#### Records for this task
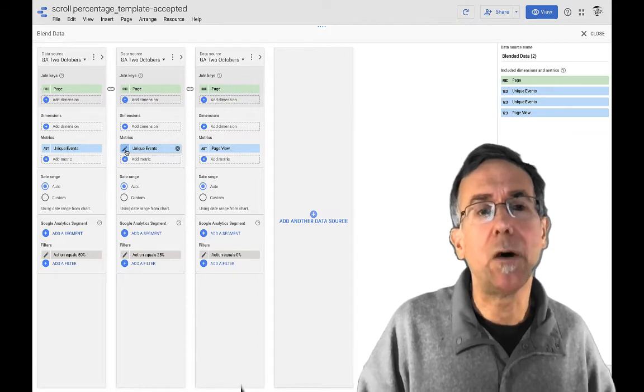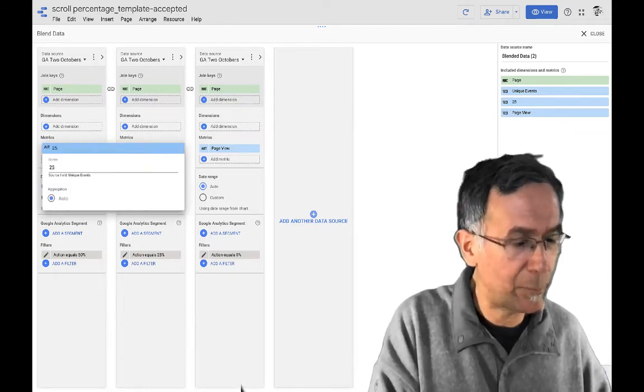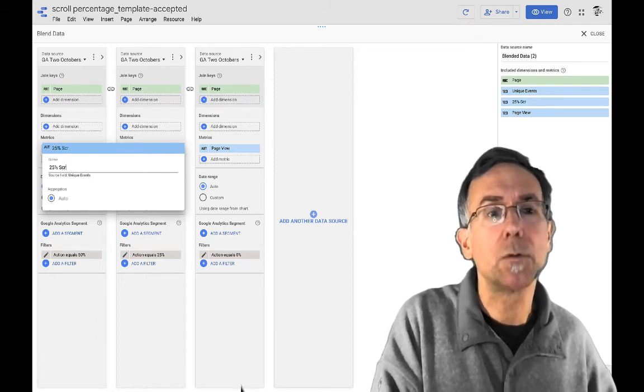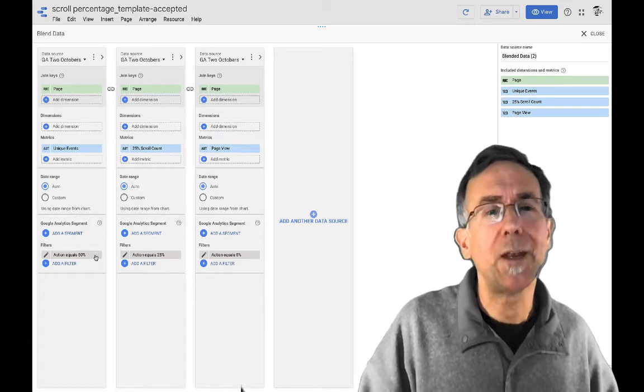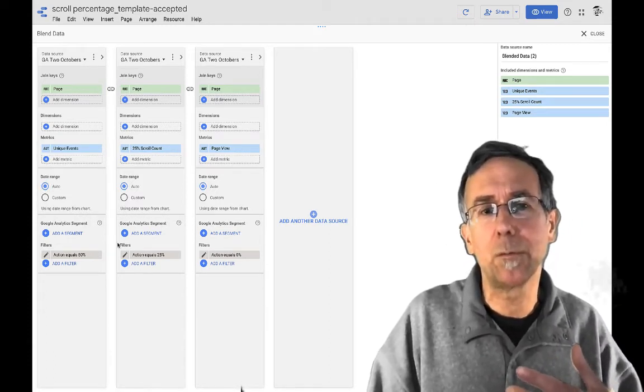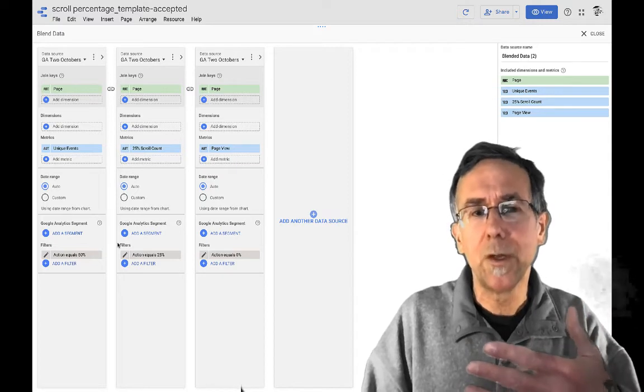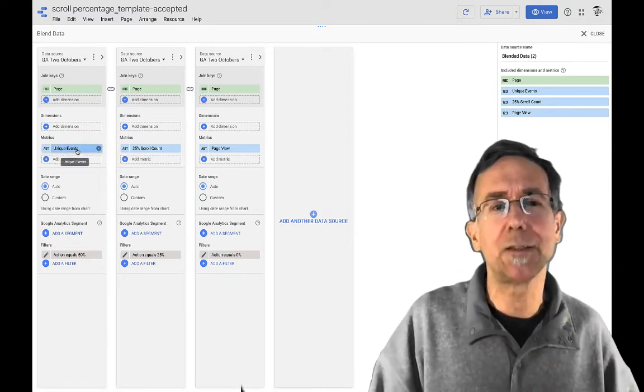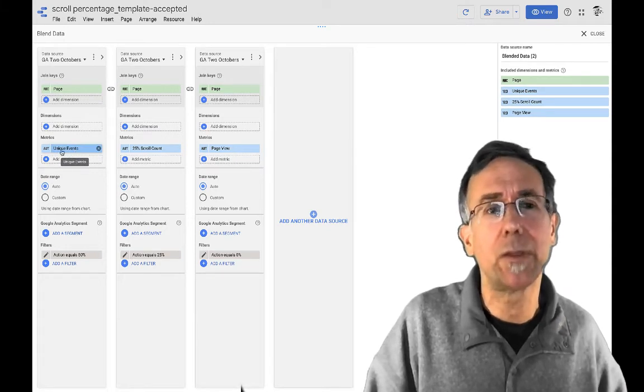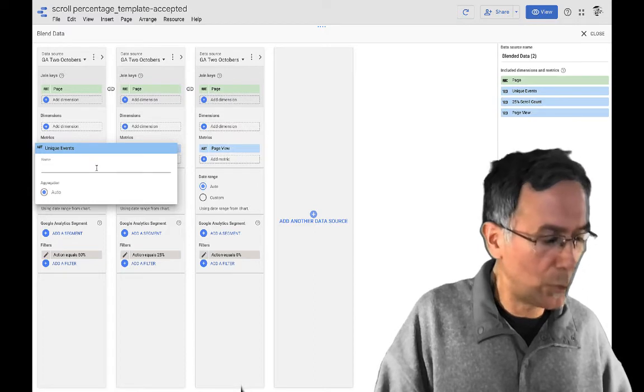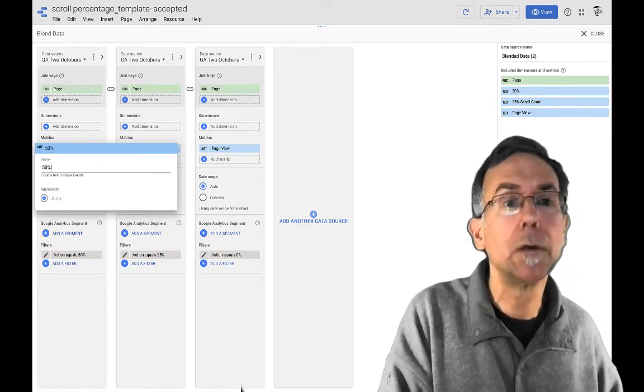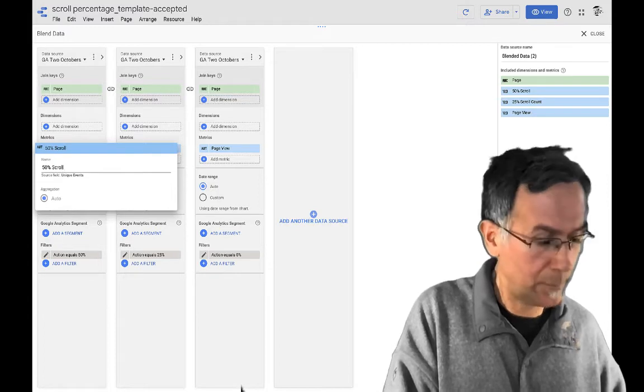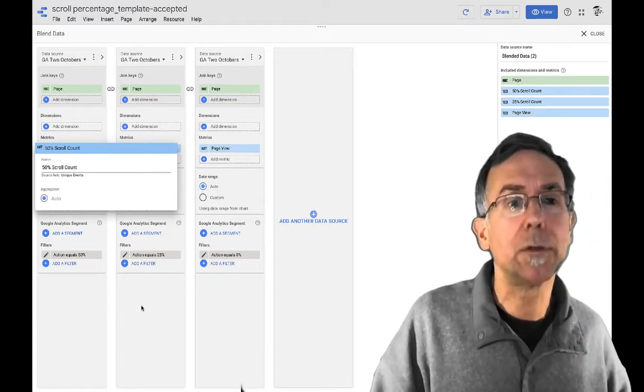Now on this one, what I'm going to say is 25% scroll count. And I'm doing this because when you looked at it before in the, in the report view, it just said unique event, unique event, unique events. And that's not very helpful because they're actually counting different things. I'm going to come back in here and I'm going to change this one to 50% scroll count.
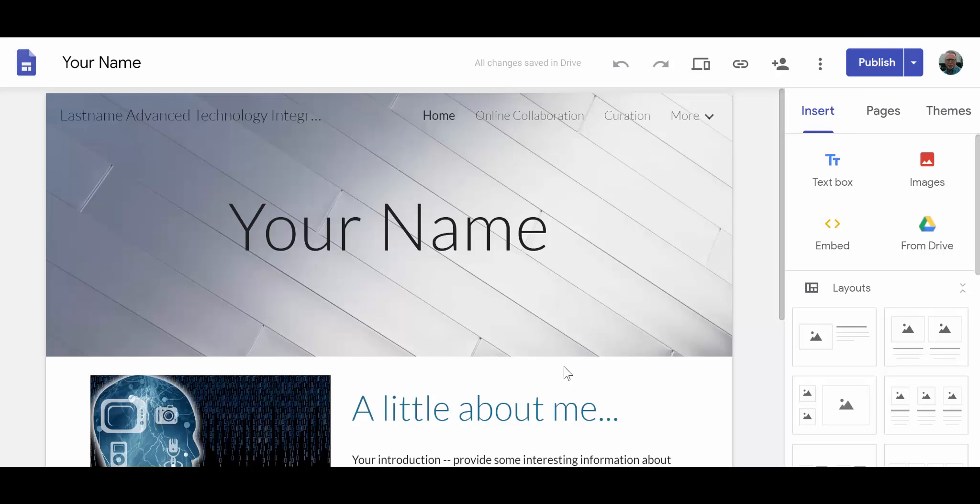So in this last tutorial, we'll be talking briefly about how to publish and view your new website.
########
#### Records for this task
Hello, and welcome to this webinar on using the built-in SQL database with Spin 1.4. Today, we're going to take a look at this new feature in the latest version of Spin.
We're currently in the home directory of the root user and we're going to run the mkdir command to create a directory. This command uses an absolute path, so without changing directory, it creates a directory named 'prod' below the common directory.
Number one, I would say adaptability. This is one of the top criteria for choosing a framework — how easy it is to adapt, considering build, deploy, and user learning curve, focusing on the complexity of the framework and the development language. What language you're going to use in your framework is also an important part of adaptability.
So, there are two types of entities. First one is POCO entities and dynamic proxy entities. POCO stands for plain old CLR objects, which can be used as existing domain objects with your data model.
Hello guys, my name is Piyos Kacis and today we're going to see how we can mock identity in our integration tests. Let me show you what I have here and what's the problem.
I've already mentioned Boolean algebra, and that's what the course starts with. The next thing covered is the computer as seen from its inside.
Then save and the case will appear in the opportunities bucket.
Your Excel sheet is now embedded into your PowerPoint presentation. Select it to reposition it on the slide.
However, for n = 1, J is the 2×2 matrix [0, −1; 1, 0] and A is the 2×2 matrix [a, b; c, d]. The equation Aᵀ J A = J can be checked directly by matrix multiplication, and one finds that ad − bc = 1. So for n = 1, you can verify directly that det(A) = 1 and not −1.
########
#### Records for this task
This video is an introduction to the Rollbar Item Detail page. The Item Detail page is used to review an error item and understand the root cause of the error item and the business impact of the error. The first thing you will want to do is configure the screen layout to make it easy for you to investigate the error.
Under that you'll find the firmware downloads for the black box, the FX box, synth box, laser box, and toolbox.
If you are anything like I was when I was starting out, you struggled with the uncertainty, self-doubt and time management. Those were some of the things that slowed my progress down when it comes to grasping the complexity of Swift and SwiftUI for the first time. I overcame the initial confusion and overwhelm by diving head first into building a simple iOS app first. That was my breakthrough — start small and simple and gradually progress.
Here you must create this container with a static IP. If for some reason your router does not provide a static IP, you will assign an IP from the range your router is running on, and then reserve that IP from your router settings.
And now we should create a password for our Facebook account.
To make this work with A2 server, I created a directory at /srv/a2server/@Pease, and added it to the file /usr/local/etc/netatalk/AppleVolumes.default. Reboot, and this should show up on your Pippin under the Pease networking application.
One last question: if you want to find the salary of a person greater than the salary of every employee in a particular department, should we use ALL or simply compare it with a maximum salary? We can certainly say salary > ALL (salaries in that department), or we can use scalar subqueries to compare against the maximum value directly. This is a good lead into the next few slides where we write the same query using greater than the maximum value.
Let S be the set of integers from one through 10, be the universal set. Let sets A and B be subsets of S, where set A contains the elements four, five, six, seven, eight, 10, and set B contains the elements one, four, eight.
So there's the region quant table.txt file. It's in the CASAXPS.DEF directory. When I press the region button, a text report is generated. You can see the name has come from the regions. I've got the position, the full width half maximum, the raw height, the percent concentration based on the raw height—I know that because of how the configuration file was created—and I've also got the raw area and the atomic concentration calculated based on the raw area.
########
What you should do: Send back exactly the lines of the listing above starting at the one with "Hello guys, my" and ending at the one with "Your Excel sheet", inclusive, and no others.

Exercise output:
Hello guys, my name is Piyos Kacis and today we're going to see how we can mock identity in our integration tests. Let me show you what I have here and what's the problem.
I've already mentioned Boolean algebra, and that's what the course starts with. The next thing covered is the computer as seen from its inside.
Then save and the case will appear in the opportunities bucket.
Your Excel sheet is now embedded into your PowerPoint presentation. Select it to reposition it on the slide.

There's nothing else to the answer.